Private Remote AI Infrastructure – Security-Focused Design

Remote-BackyardAI is a security-oriented infrastructure experiment designed to explore:

  • Private remote access architecture
  • SSH hardening strategies
  • Attack surface reduction
  • Container isolation boundaries
  • Local-first AI inference
  • Zero public exposure design

This project demonstrates defensive infrastructure thinking rather than feature development.

All model inference runs locally.
Remote access is achieved without exposing public ports.

Tested stable on Apple Silicon Mac (M4).


Why This Exists (Startup-Friendly, Security-Aware)

This is a practical template you can pilot quickly, without building a full web app or exposing a public web endpoint.
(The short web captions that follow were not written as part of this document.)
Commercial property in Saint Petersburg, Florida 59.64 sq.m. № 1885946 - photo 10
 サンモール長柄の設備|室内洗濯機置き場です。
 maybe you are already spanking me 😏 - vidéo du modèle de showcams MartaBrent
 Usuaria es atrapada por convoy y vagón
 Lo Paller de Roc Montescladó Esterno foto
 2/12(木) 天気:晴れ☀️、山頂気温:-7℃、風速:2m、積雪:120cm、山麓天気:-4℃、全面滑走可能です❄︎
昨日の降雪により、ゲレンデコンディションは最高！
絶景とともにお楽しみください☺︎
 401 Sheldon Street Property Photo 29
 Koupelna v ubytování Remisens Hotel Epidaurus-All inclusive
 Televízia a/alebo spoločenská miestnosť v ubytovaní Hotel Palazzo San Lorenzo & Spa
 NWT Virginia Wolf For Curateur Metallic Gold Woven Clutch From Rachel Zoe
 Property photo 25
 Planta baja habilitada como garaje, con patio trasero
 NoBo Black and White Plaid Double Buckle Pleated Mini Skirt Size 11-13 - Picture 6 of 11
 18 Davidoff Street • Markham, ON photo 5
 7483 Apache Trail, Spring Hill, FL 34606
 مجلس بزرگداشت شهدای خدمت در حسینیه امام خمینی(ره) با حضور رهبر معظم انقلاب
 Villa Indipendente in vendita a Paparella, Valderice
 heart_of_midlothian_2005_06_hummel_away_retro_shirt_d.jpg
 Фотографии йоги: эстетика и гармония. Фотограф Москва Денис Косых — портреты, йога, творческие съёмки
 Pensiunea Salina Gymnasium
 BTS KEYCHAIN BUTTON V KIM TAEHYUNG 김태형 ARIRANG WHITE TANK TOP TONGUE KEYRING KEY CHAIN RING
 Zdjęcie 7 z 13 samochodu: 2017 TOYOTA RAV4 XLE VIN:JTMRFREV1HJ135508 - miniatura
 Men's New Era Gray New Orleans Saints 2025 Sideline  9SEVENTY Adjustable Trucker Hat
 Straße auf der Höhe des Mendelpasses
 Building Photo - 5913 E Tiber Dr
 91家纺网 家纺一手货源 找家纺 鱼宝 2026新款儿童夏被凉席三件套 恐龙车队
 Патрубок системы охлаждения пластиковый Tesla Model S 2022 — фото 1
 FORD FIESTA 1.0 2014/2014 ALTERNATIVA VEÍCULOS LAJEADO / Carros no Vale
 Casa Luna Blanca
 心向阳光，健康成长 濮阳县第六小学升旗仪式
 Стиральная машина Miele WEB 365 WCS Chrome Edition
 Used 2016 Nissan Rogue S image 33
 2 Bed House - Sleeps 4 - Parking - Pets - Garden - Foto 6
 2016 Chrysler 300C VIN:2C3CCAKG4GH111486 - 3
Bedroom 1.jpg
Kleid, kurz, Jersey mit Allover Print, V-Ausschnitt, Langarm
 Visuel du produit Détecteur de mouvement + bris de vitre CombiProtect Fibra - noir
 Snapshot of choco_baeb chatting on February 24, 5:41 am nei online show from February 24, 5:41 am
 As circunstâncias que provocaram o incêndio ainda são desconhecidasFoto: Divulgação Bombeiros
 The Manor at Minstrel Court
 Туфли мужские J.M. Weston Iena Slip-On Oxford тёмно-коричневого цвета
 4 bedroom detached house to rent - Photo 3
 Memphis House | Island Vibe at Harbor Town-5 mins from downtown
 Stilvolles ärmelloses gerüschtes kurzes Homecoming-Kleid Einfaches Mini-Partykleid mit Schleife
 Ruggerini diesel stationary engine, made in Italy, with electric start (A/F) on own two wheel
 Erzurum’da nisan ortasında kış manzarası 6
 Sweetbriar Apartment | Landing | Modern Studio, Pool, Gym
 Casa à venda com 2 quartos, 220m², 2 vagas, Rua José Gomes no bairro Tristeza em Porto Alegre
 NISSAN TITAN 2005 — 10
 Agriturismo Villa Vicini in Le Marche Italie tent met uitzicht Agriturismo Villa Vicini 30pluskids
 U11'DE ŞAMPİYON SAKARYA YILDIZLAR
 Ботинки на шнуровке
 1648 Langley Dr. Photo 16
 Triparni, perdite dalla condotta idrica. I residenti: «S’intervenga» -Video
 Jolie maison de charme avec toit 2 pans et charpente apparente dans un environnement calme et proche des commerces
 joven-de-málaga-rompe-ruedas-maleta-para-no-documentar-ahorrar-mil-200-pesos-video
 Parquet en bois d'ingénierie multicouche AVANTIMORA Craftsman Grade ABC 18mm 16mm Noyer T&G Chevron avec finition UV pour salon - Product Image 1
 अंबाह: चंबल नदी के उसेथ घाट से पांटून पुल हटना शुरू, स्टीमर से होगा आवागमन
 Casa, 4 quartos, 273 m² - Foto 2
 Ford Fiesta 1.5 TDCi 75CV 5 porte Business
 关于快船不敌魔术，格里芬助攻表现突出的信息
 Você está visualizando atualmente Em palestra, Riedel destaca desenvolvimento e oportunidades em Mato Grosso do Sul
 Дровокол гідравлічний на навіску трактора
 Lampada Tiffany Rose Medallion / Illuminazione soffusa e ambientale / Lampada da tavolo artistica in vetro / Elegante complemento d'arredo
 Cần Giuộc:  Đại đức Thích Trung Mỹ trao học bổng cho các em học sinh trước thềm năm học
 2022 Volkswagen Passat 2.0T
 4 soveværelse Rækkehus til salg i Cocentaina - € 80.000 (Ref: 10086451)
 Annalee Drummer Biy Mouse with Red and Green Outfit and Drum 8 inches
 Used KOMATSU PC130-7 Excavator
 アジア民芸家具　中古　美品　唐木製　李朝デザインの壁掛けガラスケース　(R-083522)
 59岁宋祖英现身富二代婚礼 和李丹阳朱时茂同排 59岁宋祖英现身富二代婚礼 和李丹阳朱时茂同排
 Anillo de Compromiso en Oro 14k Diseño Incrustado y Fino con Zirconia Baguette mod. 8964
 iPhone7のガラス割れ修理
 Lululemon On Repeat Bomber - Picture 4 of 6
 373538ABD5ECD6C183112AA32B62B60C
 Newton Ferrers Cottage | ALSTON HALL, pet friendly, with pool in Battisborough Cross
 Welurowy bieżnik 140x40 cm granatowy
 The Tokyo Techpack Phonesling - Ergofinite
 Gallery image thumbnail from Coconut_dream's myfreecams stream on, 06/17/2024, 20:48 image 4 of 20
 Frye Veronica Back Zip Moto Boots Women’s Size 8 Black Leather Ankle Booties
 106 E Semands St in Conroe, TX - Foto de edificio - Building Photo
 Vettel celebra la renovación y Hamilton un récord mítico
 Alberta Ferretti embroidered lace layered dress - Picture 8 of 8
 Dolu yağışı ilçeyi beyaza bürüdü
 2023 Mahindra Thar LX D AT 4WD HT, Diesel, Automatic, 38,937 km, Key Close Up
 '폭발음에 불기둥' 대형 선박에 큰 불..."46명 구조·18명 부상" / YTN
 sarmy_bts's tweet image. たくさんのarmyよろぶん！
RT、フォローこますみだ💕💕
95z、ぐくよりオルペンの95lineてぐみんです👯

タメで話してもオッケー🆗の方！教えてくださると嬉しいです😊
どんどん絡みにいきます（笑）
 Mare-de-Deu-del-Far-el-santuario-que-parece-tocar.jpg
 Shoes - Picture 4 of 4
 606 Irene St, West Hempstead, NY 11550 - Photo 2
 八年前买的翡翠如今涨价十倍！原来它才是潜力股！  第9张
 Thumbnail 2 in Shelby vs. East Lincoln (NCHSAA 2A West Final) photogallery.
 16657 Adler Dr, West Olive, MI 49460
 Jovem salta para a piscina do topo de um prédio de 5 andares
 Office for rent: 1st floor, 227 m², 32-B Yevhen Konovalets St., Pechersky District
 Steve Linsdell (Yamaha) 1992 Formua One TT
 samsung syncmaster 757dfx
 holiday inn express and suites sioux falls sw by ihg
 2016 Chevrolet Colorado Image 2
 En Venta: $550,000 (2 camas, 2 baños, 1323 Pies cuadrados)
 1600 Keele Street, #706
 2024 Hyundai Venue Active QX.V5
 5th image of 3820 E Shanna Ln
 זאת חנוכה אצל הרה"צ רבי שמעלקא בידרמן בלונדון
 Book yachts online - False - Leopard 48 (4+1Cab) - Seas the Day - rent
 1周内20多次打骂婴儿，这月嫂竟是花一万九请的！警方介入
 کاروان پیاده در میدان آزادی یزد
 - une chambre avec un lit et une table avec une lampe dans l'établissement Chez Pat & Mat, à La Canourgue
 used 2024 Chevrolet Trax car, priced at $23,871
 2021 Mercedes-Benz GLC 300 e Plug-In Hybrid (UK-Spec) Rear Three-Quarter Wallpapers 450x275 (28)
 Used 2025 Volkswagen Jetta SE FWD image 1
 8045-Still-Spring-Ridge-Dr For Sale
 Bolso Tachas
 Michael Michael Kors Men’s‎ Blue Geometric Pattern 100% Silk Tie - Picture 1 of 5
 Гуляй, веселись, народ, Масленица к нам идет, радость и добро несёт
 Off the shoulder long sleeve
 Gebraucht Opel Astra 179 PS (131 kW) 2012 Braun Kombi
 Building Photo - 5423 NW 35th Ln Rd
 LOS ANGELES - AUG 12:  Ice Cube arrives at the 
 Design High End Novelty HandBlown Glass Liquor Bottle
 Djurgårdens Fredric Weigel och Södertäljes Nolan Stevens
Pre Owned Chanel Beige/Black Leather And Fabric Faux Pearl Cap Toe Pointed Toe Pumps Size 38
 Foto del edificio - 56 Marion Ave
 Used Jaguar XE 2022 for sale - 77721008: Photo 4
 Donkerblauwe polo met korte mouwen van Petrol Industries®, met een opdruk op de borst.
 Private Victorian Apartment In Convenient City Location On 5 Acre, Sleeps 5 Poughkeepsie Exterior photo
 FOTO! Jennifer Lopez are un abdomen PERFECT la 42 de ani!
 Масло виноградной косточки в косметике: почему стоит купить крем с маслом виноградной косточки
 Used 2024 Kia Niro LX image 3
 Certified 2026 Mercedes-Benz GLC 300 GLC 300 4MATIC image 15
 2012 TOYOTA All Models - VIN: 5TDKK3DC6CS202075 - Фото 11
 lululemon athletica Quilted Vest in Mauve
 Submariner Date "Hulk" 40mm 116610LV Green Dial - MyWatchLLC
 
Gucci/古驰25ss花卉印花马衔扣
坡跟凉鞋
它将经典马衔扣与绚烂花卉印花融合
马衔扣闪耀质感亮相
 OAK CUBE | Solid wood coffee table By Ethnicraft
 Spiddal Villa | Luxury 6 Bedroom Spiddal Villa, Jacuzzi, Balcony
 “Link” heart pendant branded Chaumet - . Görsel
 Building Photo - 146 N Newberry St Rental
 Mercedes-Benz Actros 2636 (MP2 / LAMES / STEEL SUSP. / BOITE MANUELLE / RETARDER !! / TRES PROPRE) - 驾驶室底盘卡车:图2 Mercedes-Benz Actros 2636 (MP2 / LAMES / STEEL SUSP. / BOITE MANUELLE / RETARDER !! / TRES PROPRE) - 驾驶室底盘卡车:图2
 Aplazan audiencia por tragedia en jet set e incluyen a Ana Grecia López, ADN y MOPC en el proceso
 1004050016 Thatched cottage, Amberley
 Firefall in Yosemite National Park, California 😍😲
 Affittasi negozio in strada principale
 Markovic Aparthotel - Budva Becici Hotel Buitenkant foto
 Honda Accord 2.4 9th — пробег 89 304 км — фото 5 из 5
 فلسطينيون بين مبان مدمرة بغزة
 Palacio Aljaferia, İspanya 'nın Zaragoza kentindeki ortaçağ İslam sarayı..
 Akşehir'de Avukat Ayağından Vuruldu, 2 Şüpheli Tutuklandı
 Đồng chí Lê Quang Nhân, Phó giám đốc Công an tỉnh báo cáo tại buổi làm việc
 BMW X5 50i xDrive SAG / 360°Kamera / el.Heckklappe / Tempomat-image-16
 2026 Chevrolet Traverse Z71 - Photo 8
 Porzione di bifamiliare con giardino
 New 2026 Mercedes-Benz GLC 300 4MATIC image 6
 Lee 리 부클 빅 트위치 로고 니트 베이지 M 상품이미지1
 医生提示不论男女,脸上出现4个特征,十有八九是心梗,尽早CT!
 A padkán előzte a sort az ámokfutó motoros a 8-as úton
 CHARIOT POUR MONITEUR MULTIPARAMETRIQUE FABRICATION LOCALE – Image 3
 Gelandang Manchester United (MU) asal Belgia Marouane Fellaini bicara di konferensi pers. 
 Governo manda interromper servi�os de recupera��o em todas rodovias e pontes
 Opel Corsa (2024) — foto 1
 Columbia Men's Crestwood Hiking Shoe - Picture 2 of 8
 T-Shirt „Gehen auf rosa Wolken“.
It’s built to communicate well to a mixed audience:

  • non-technical stakeholders (clear and simple access story)
  • security-minded reviewers (explicit boundaries and controls)

Design Objectives

  1. Enable remote access without public internet exposure
  2. Eliminate password-based authentication
  3. Prevent interactive shell access
  4. Restrict service binding scope
  5. Minimize container responsibility
  6. Clearly define trust boundaries

Security was considered first, convenience second.


High-Level Architecture

User Device

SSH over Tailscale (Private Mesh Network)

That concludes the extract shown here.